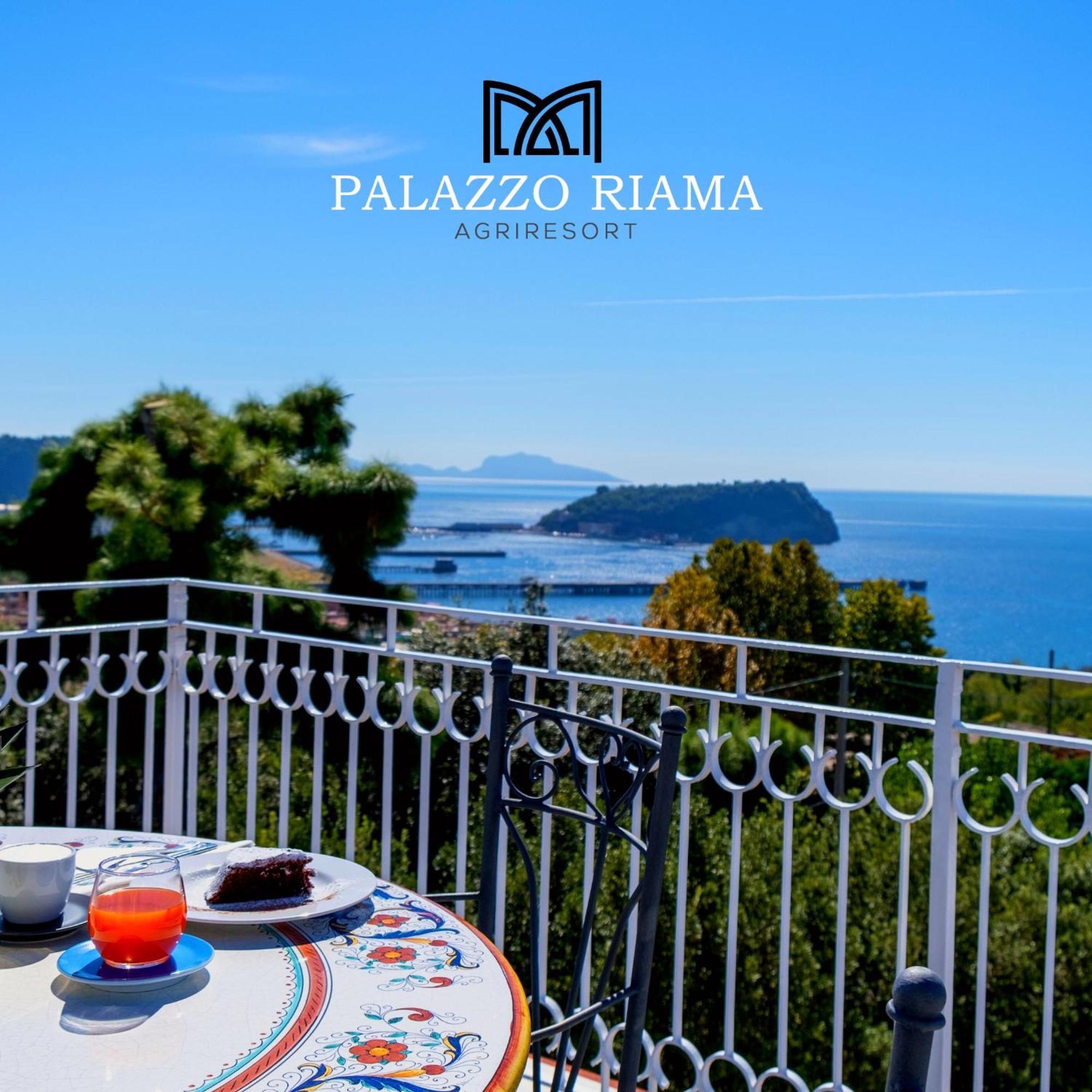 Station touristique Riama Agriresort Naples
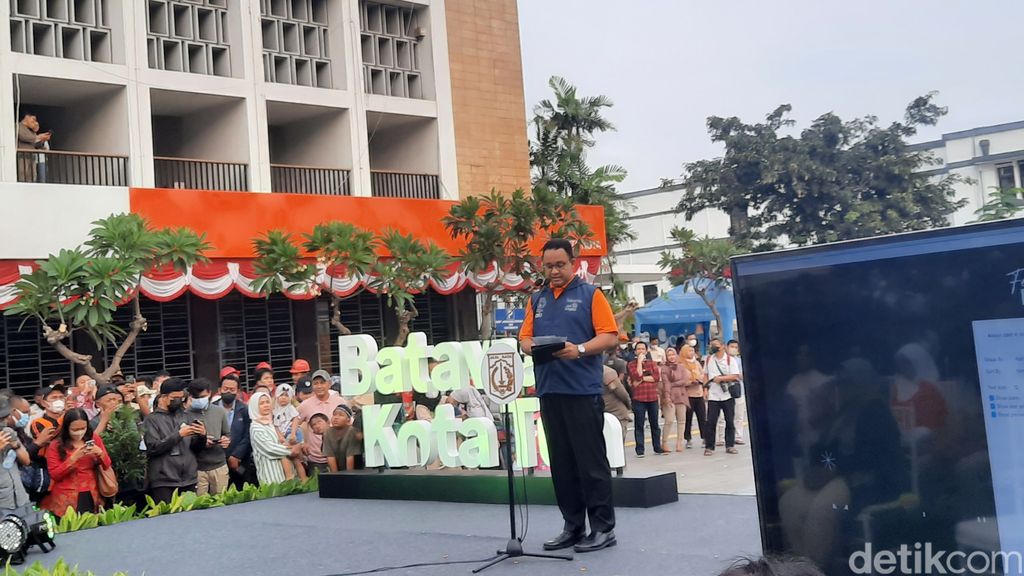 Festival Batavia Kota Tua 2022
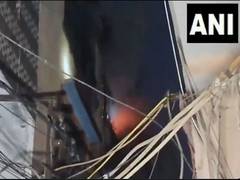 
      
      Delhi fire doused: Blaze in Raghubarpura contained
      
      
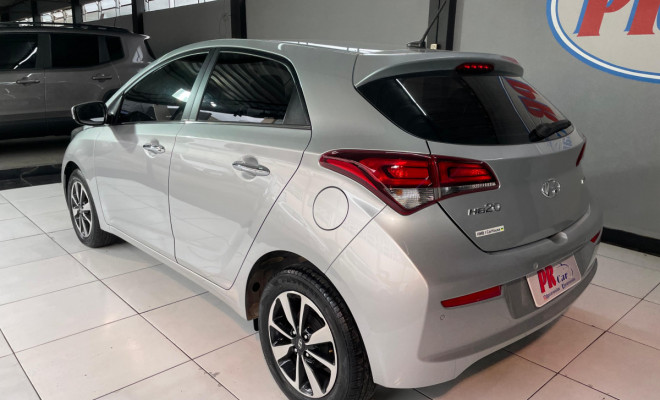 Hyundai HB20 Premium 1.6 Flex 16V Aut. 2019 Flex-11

-*-*-

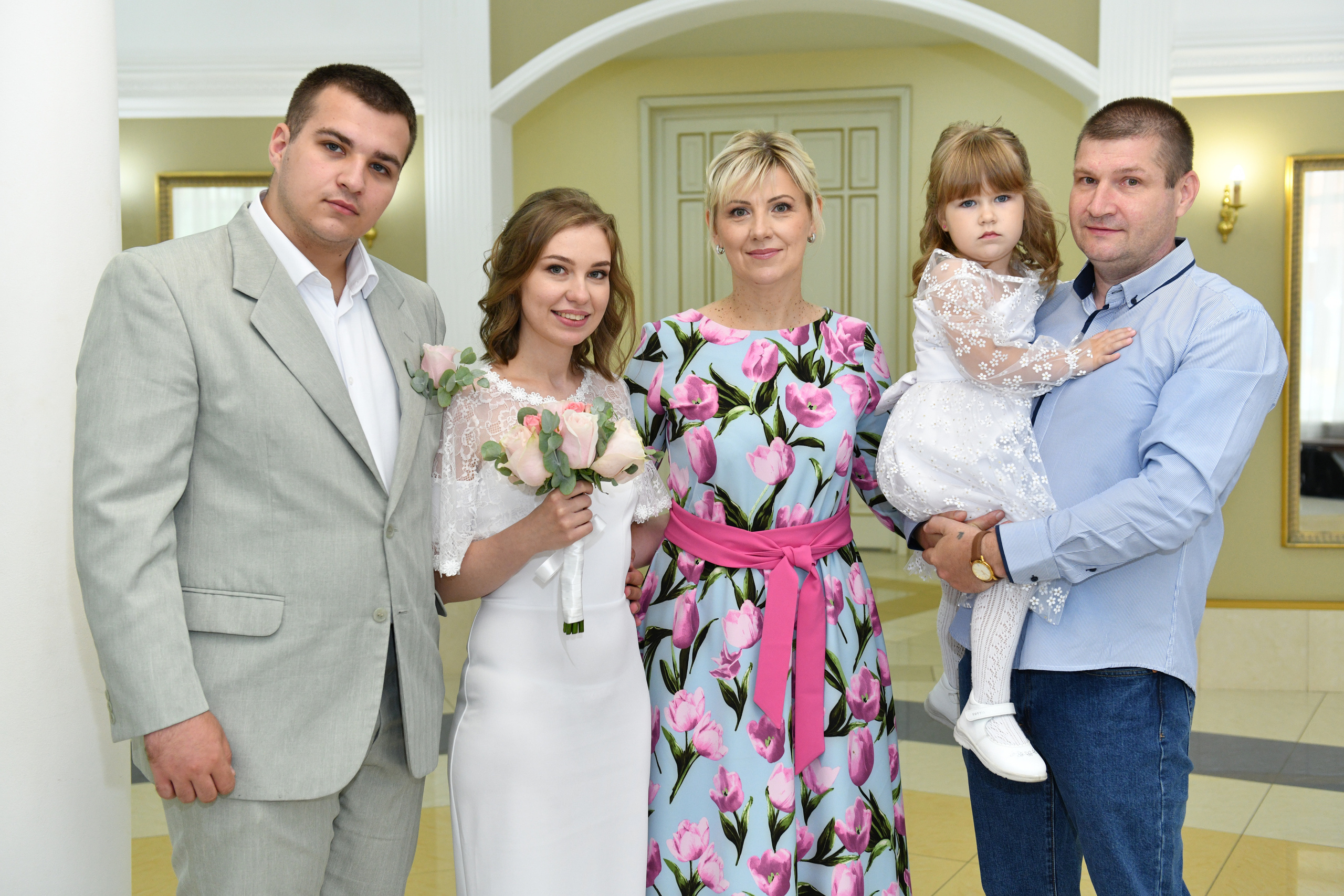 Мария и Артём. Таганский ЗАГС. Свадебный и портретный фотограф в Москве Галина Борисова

-*-*-

[WORK REQUEST]
Beginning at the line above that contains "Festival Batavia Kota Tua 2022" and going on through the line that contains "Hyundai HB20 Premium", please copy every line exactly, leaving the pictures out and adding nothing.

[TASK OUTPUT]
 Festival Batavia Kota Tua 2022
      
      Delhi fire doused: Blaze in Raghubarpura contained
      
      
 Hyundai HB20 Premium 1.6 Flex 16V Aut. 2019 Flex-11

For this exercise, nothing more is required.